I wasn’t sure what to make of it from the blurb, as though it sounded very promising and I enjoy reading good, feminist pieces of literature, I don’t tend to read much Sci-Fi or dystopian books. But, I’m always up for exploring a new book and diving in regardless, so that’s what I did!
Check out the blurb:
All over the world women are discovering they have the power.
With a flick of their fingers they can inflict terrible pain-even death.
Suddenly, every man on the planet finds they’ve lost control.
The day of the girls has arrived-but where will it end?
The Power is a feminist Sci-Fi dystopian read that subverts the past hundreds of thousands of years of male dominated history to re-imagine a future where women take, quite literally, the power.
In this vision of the future, young girls everywhere suddenly discover that they have an electrical skein somewhere beneath their collar bones (or thereabouts), that allows them to output an electrical shock. It can be a small shock…. It can also kill. With a handful of characters, both female and male, The Power documents the shift in power through the years, starting with ten years to go until the historical event known as the Cataclysm, and ending with the rather ominous “here it comes”. Showcasing a brilliantly diverse cast, we see the effects of this shift in power around the globe, with an intrepid journalist, a leader of what seems to be a developing religious cult, and more key figures.

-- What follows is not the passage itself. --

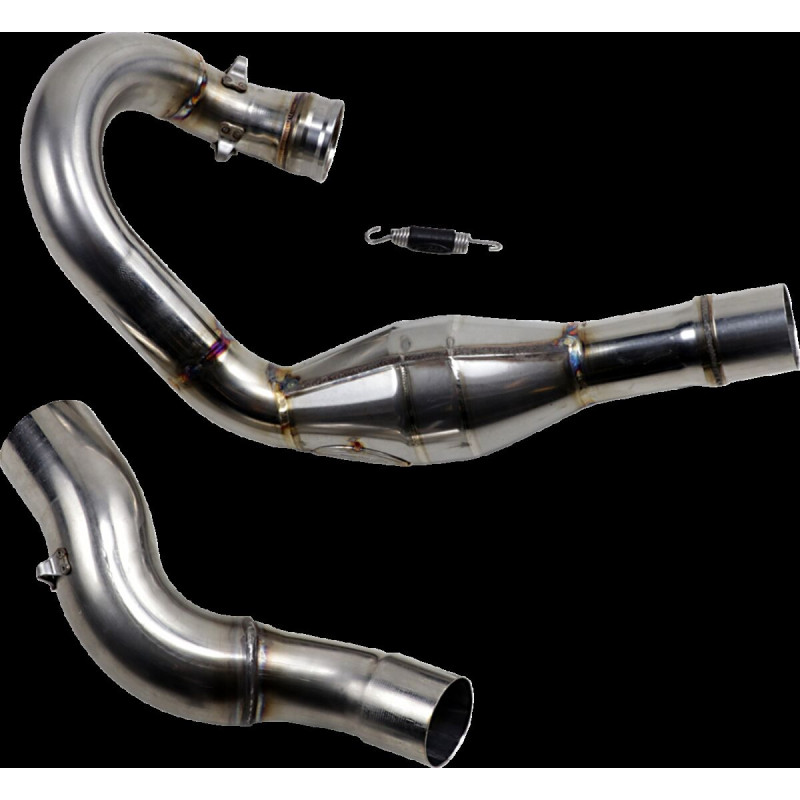 Collecteur MegaBomb FMF acier inoxydable, réf. 45640 - KTM EXC-F 350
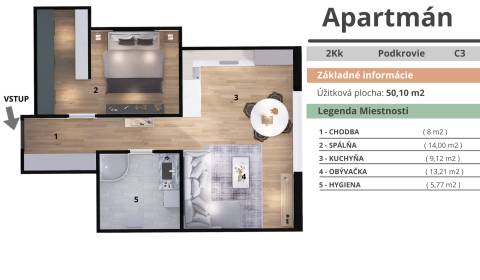 2i apartmán - C3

It is gripping and disturbing and written superbly well, leaving you with plenty of thought-provoking material to mull over, long after you’ve turned the final page.
To make it even more meta, The Power is presented to us as a historical novel, written by one Neil Adam Armon, and framed by letters between Neil, the author, and Naomi herself. In what is a brilliantly effective, shocking twist, we see the parallels of sexism, turned on its axis and echoed back to us in what is unfortunately an all too recognisable attitude in the final letters, after the end of the book.
This is a fantastically conceived book that absolutely deserves a read, and undertakes a massive concept in reversing millennia of sexism in a way that doesn’t feel clunky or preachy, but rather focuses on the human details of it all, in an all-inclusive manner, then wraps it up in a punchy plot that is a very concise 339 pages.
I’m giving this one 5/5 stars and am thrilled that it won the Baileys prize, Naomi Alderman thoroughly deserves it for this strong, fiercely intelligent novel.